Given information Block Start
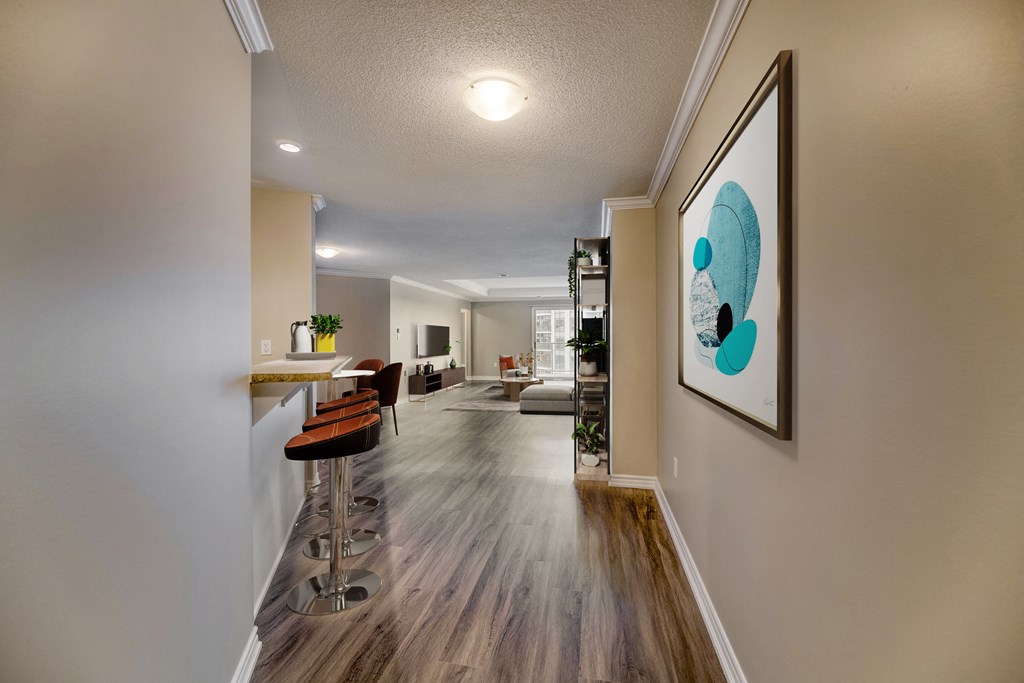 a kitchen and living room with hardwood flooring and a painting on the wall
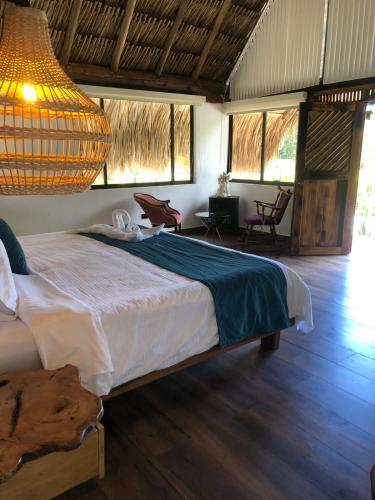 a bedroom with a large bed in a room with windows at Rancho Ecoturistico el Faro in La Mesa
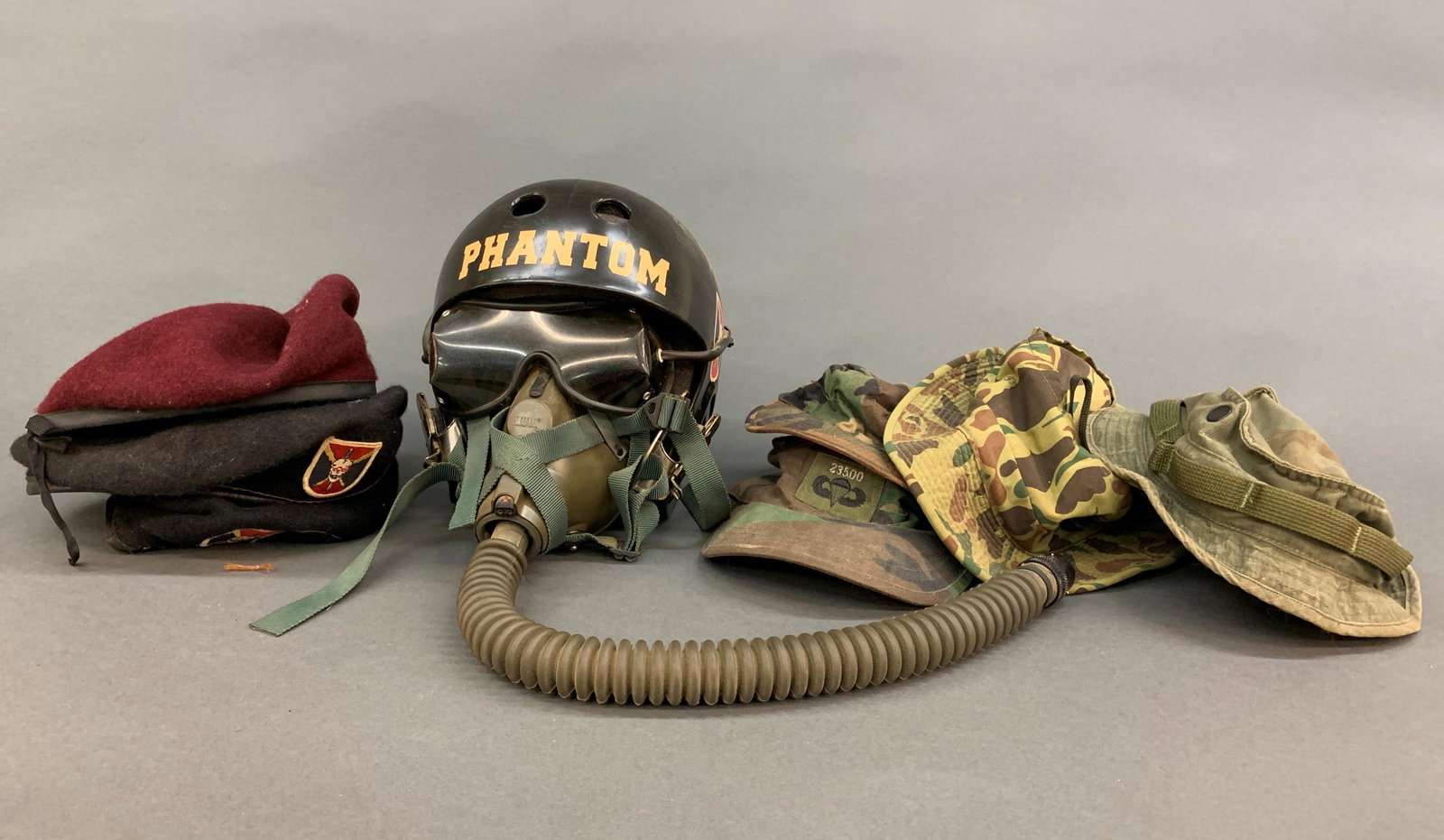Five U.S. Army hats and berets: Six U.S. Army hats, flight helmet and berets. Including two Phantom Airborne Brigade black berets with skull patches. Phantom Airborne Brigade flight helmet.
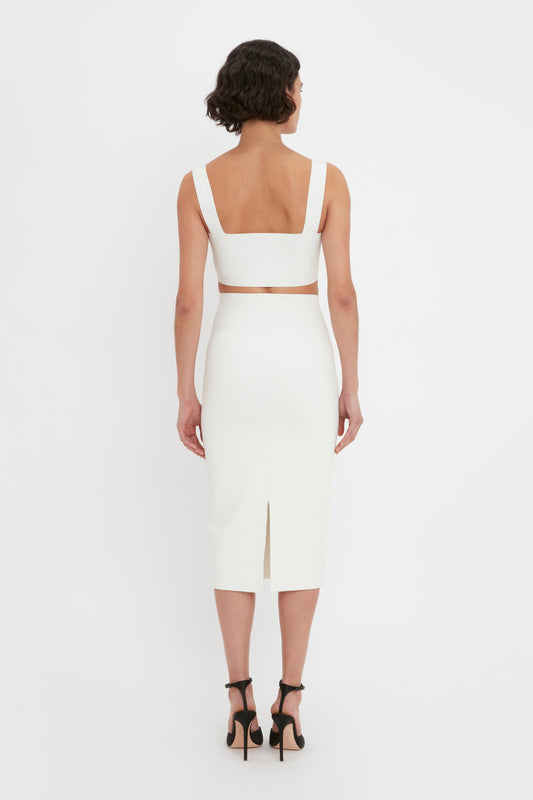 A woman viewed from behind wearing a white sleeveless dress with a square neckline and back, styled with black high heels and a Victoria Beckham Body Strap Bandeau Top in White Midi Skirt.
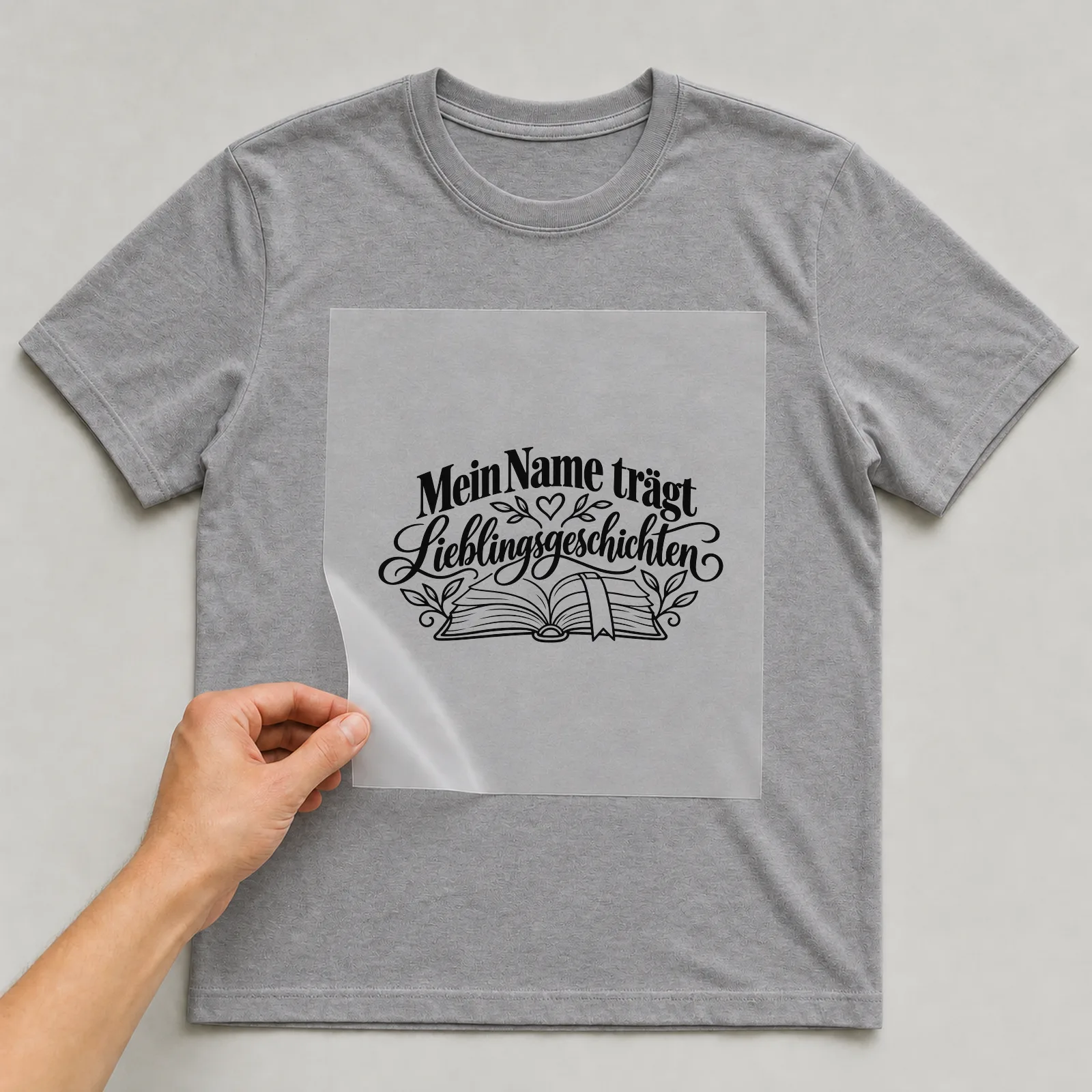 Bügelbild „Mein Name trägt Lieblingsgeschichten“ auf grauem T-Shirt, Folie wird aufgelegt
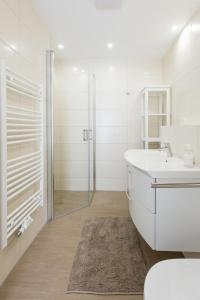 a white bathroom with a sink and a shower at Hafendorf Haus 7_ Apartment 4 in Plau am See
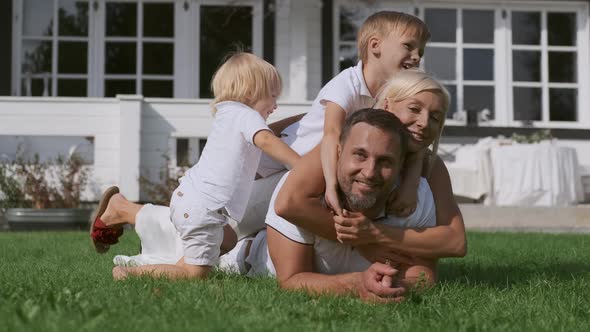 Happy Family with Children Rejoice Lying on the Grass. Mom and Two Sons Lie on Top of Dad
Given information Block End
> Exercise brief: Print every record exactly, without the pictures.

> Completed task:
 a kitchen and living room with hardwood flooring and a painting on the wall
 a bedroom with a large bed in a room with windows at Rancho Ecoturistico el Faro in La Mesa
Five U.S. Army hats and berets: Six U.S. Army hats, flight helmet and berets. Including two Phantom Airborne Brigade black berets with skull patches. Phantom Airborne Brigade flight helmet.
 A woman viewed from behind wearing a white sleeveless dress with a square neckline and back, styled with black high heels and a Victoria Beckham Body Strap Bandeau Top in White Midi Skirt.
 Bügelbild „Mein Name trägt Lieblingsgeschichten“ auf grauem T-Shirt, Folie wird aufgelegt
 a white bathroom with a sink and a shower at Hafendorf Haus 7_ Apartment 4 in Plau am See
 Happy Family with Children Rejoice Lying on the Grass. Mom and Two Sons Lie on Top of Dad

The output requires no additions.